* **Exercise objective**:
Return, with both end lines included, exactly what the data below holds from the line with "HMGRUP-SORUNSUZ-BAKIMLI-FORD-COURİER" through the line with "80741376 1800 2700 690046", though not the pictures.

* **Input records**:
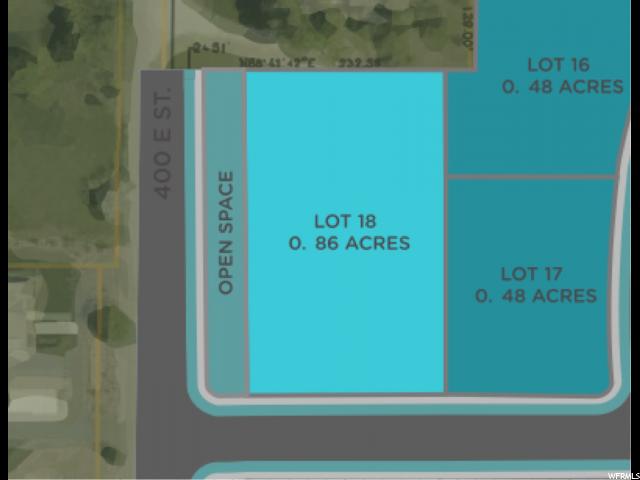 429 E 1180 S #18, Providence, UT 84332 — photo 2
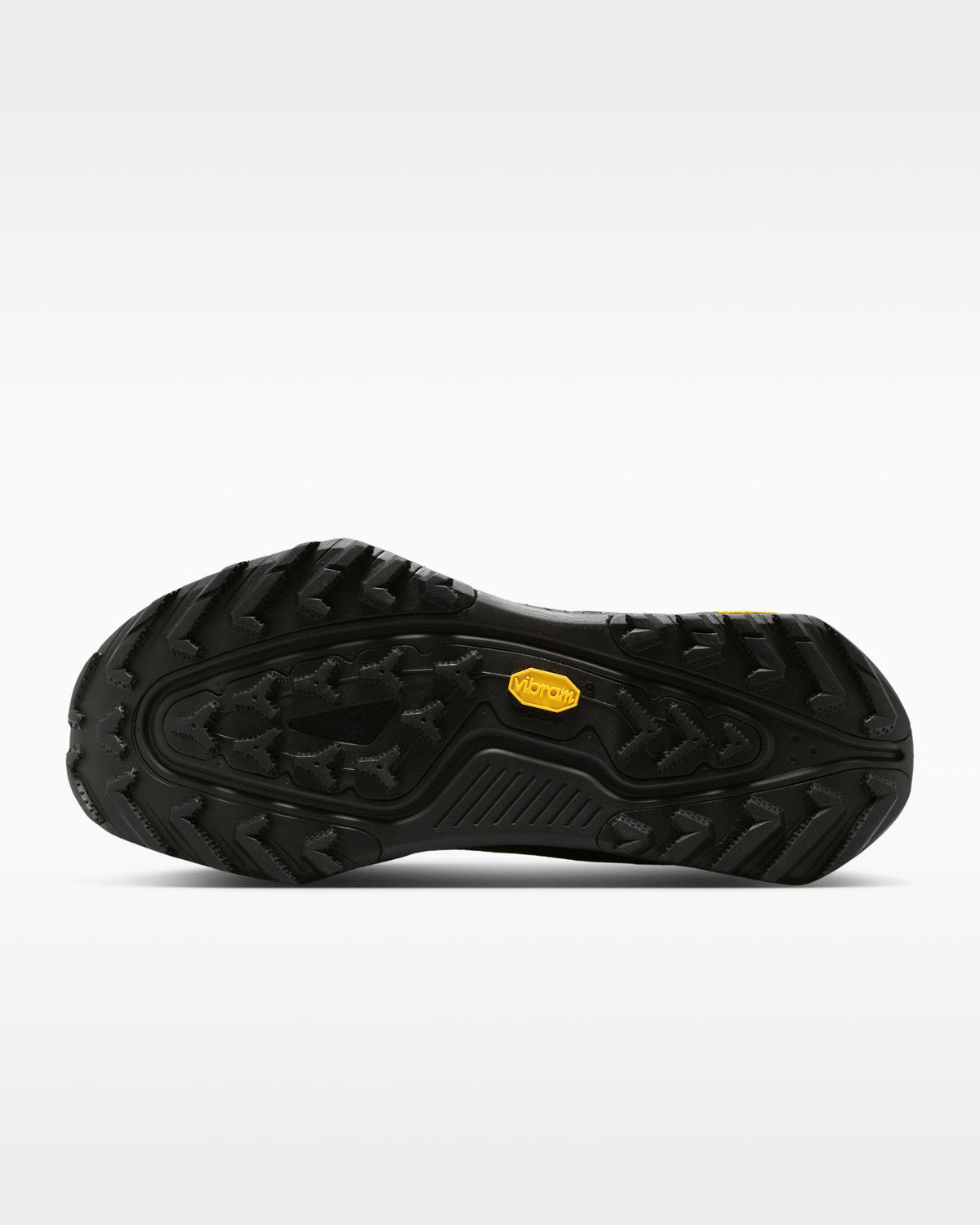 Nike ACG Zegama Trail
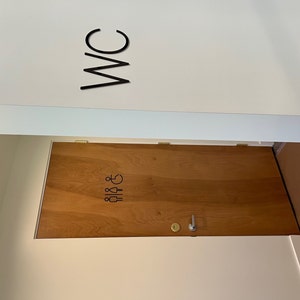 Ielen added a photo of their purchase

==

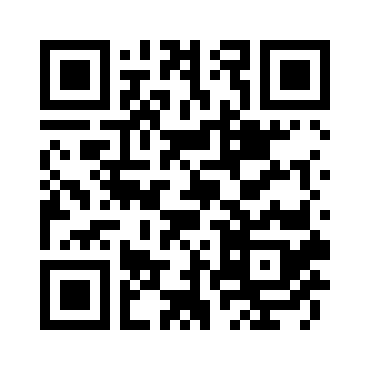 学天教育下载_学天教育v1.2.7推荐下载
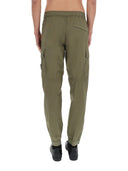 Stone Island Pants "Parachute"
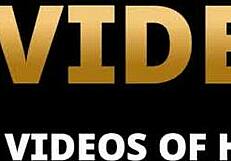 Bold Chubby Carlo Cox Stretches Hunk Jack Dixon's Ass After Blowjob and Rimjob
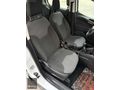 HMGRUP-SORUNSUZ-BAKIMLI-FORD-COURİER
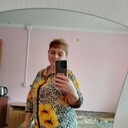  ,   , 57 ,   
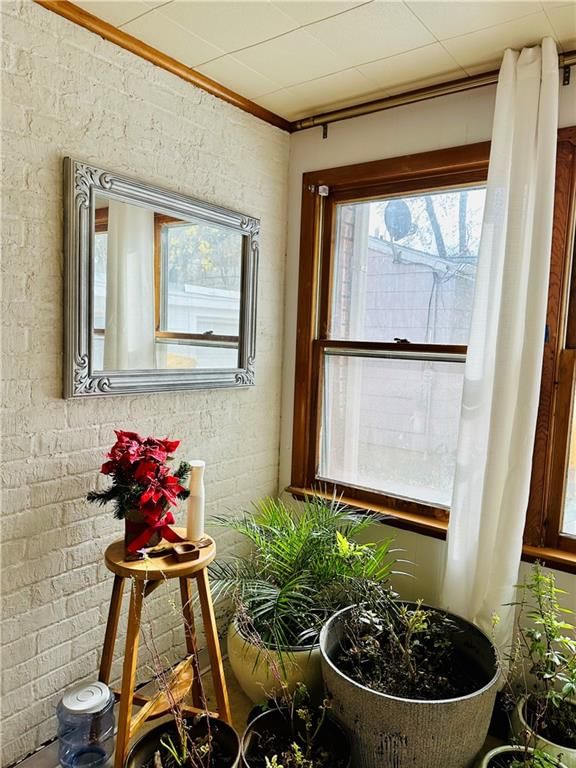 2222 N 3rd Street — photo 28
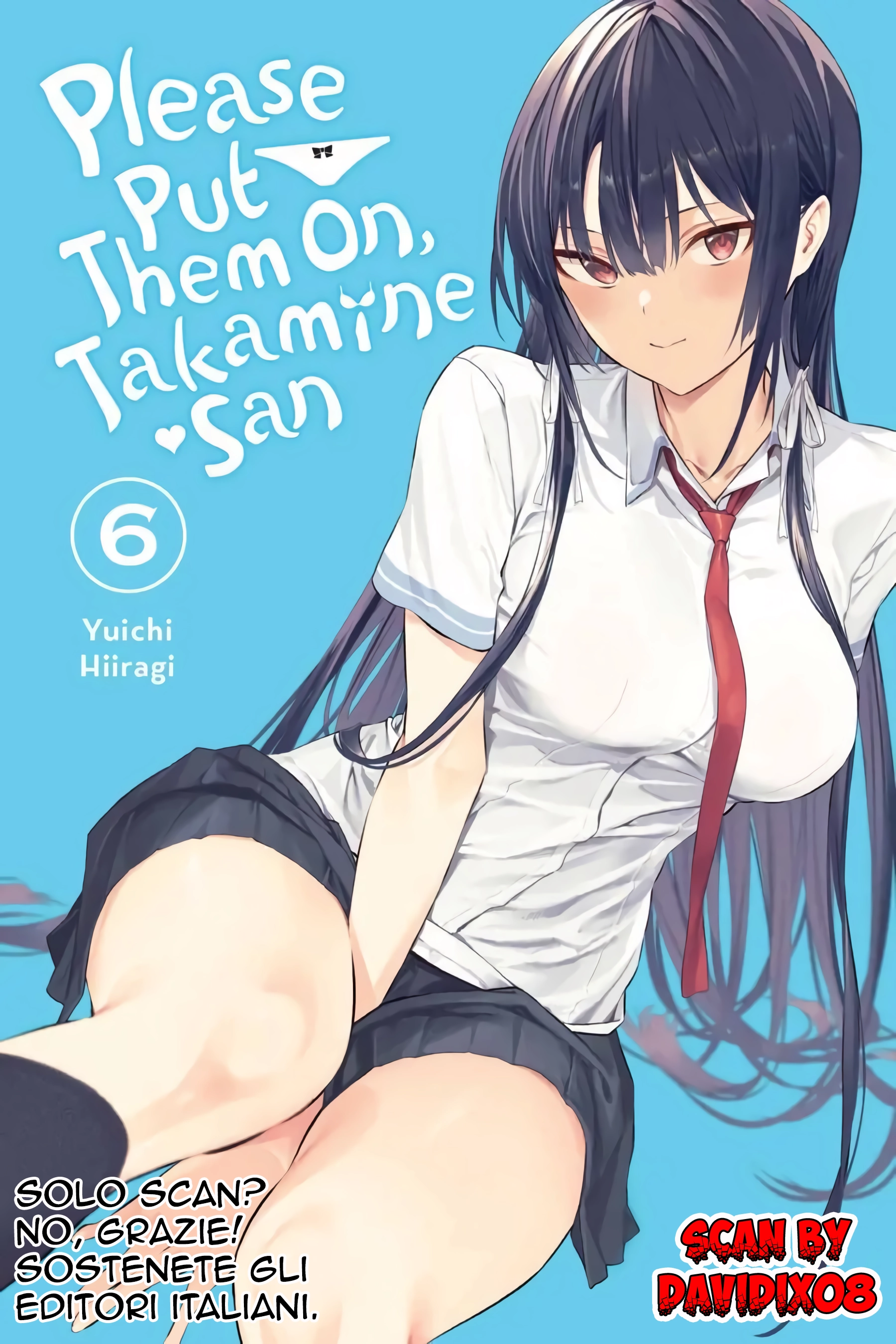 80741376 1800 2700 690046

* **Output**:
 HMGRUP-SORUNSUZ-BAKIMLI-FORD-COURİER
  ,   , 57 ,   
 2222 N 3rd Street — photo 28
 80741376 1800 2700 690046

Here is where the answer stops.